◆ TASK DETAILS:
Only the lines from the one containing "Subject In-Charge-Mr.Suryawanshi AA" to the end of the records belong in the copy. Reproduce them word for word and drop the pictures.

◆ RECORDS FOR THIS EXERCISE:
[Start of Attachment]
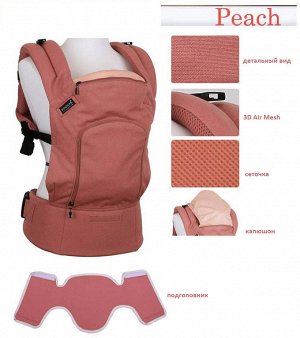 Peach Наружная сторона и внутренний подклад рюкзачка изготовлены из специально очищенного 100 % хлопка, ремни и сеточка 3D Air Mesh сделаны из полиэстера.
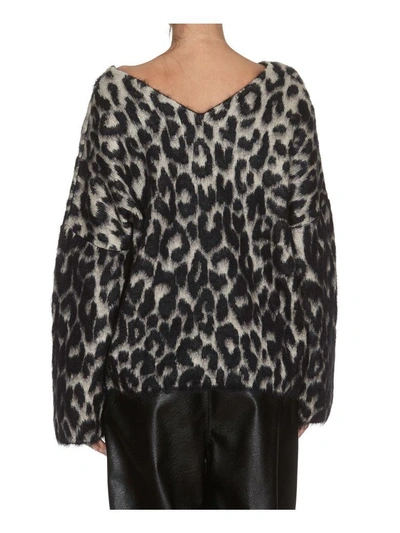 Shop Stella Mccartney Leopard Print V Neck Sweater In Bone/black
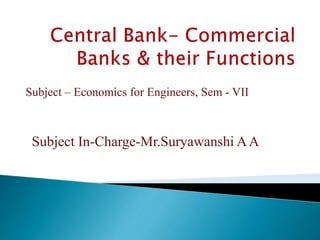Subject – Economics for Engineers, Sem - VII
Subject In-Charge-Mr.Suryawanshi AA
 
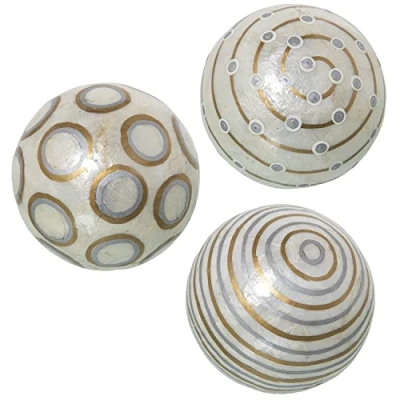 Imagen de DRW Set de 3 Bolas nacar Surtidas ø10cm (Blanco y Tostado)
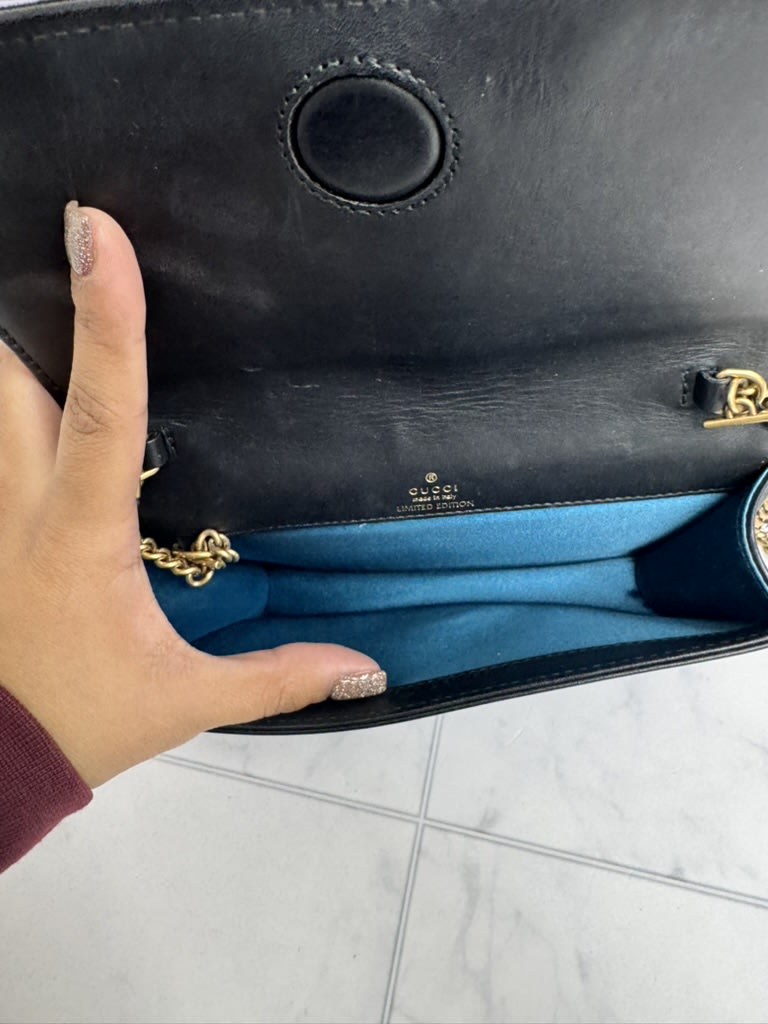 Gucci Marmont Black Chevron Quilted Velvet Embellished Hearts Wallet On A Chain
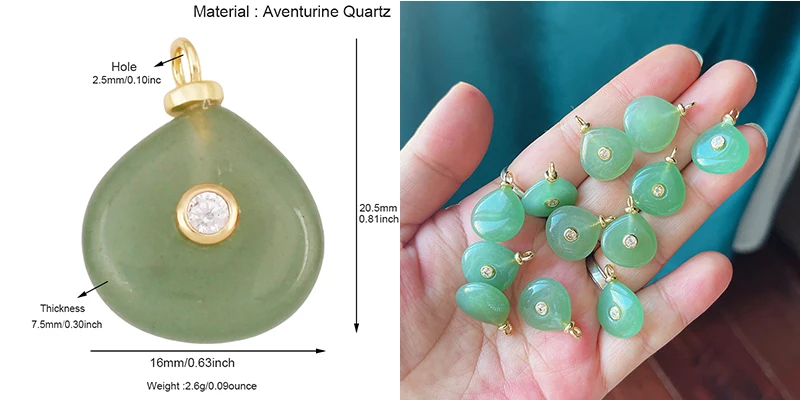 Edelstein-Charm-Anhänger aus türkisfarbenem Malachit, schwarzem Achat, rosa Quarz, 18 Karat echt vergoldeter Schmuck für die Herstellung von Halsketten, S58 – Detail 33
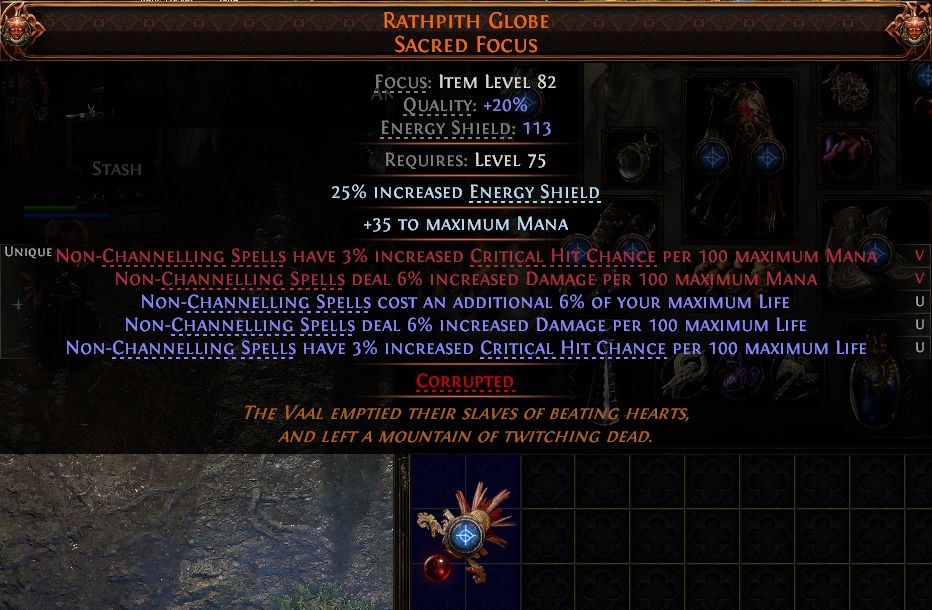 MMOJUGG Path of Exile 2 RATHPITH GLOBE SACRED FOCUS#1257763 Details View of Item Function and Use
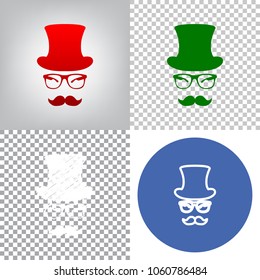 Hipster accessories design. Vector. 4 styles. Red gradient in radial lighted background, green flat and gray scribble icons on transparent and linear one in blue circle.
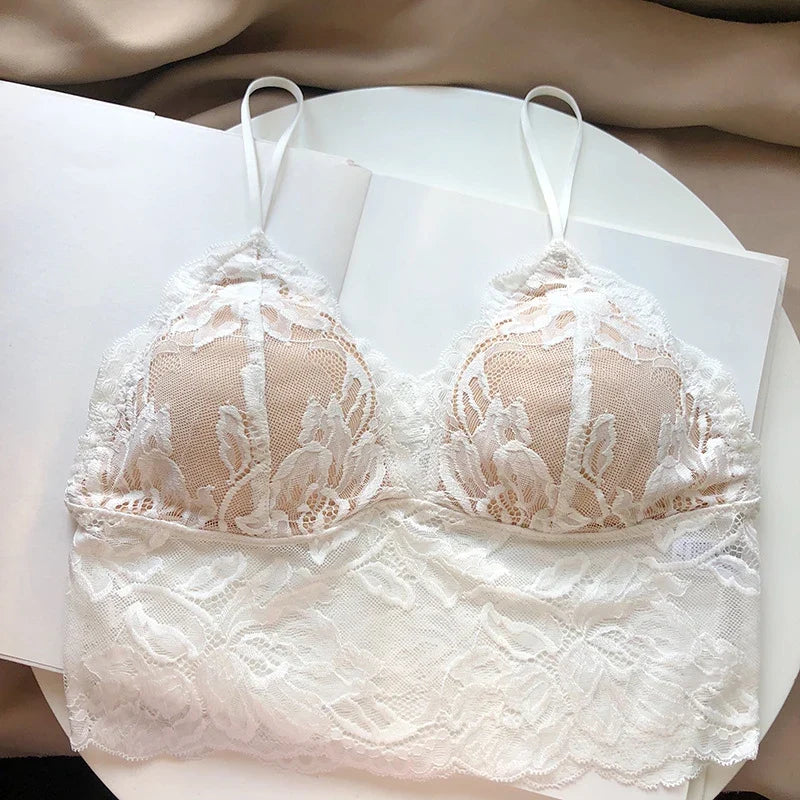 French Backless Bralette Sheer Lace Wireless Halter Top No Underwire Anti Nipple Show Comfort Bra & Tushy Set CA MOYISU Sexy Bra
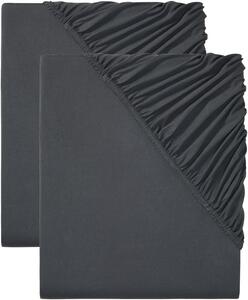 Livarno home Sada žerzejových napínacích prostěradel, 90-100 x 200 cm, tmavě šedá, 2dílná (800009869)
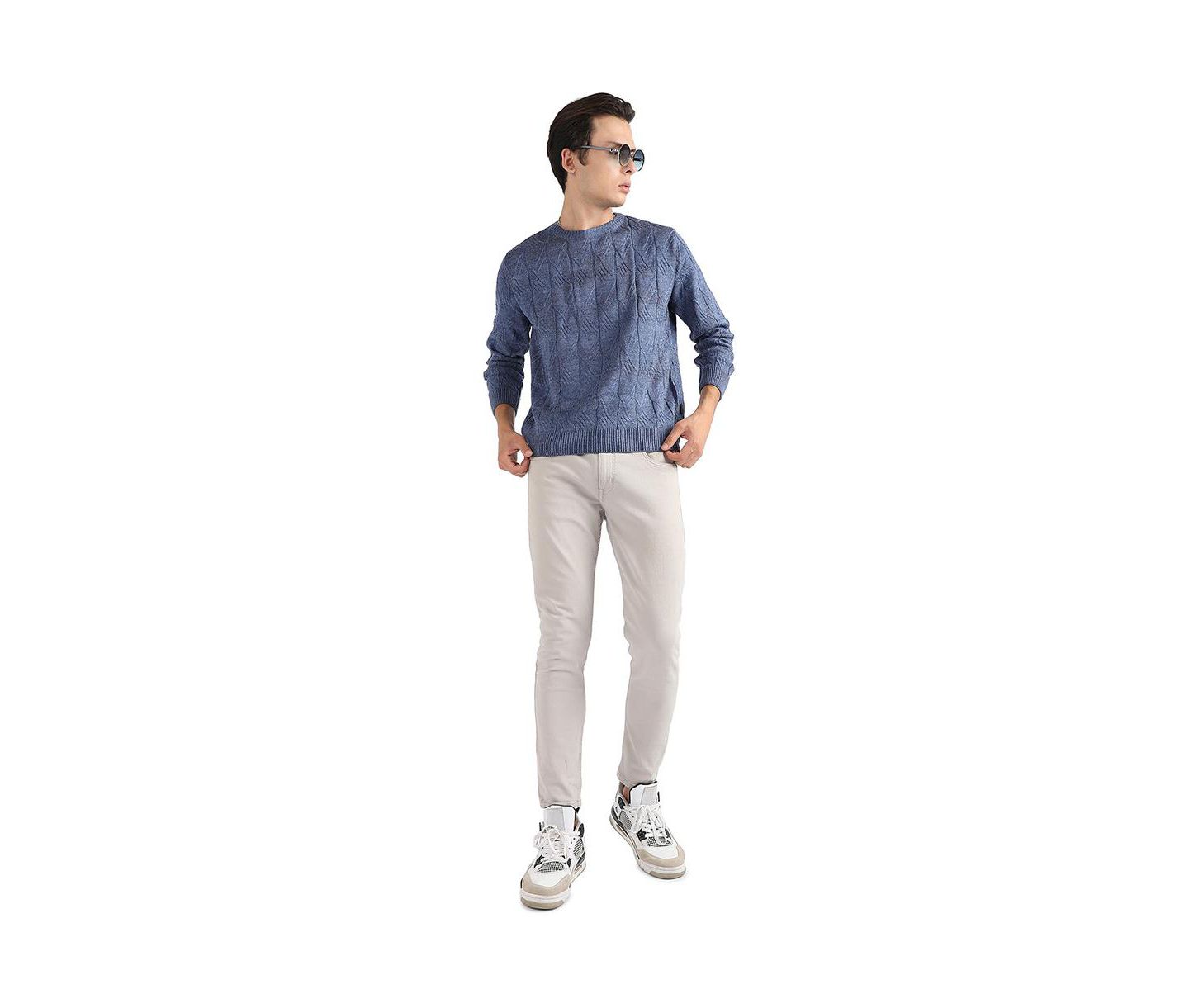 Мужской свитер Campus Sutra Blue Textured Knit Pullover, цвет: Синий — фото 2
[End of Attachment]
◆ EXERCISE SOLUTION:
Subject In-Charge-Mr.Suryawanshi AA
 
 Imagen de DRW Set de 3 Bolas nacar Surtidas ø10cm (Blanco y Tostado)
 Gucci Marmont Black Chevron Quilted Velvet Embellished Hearts Wallet On A Chain
 Edelstein-Charm-Anhänger aus türkisfarbenem Malachit, schwarzem Achat, rosa Quarz, 18 Karat echt vergoldeter Schmuck für die Herstellung von Halsketten, S58 – Detail 33
 MMOJUGG Path of Exile 2 RATHPITH GLOBE SACRED FOCUS#1257763 Details View of Item Function and Use
 Hipster accessories design. Vector. 4 styles. Red gradient in radial lighted background, green flat and gray scribble icons on transparent and linear one in blue circle.
 French Backless Bralette Sheer Lace Wireless Halter Top No Underwire Anti Nipple Show Comfort Bra & Tushy Set CA MOYISU Sexy Bra
 Livarno home Sada žerzejových napínacích prostěradel, 90-100 x 200 cm, tmavě šedá, 2dílná (800009869)
 Мужской свитер Campus Sutra Blue Textured Knit Pullover, цвет: Синий — фото 2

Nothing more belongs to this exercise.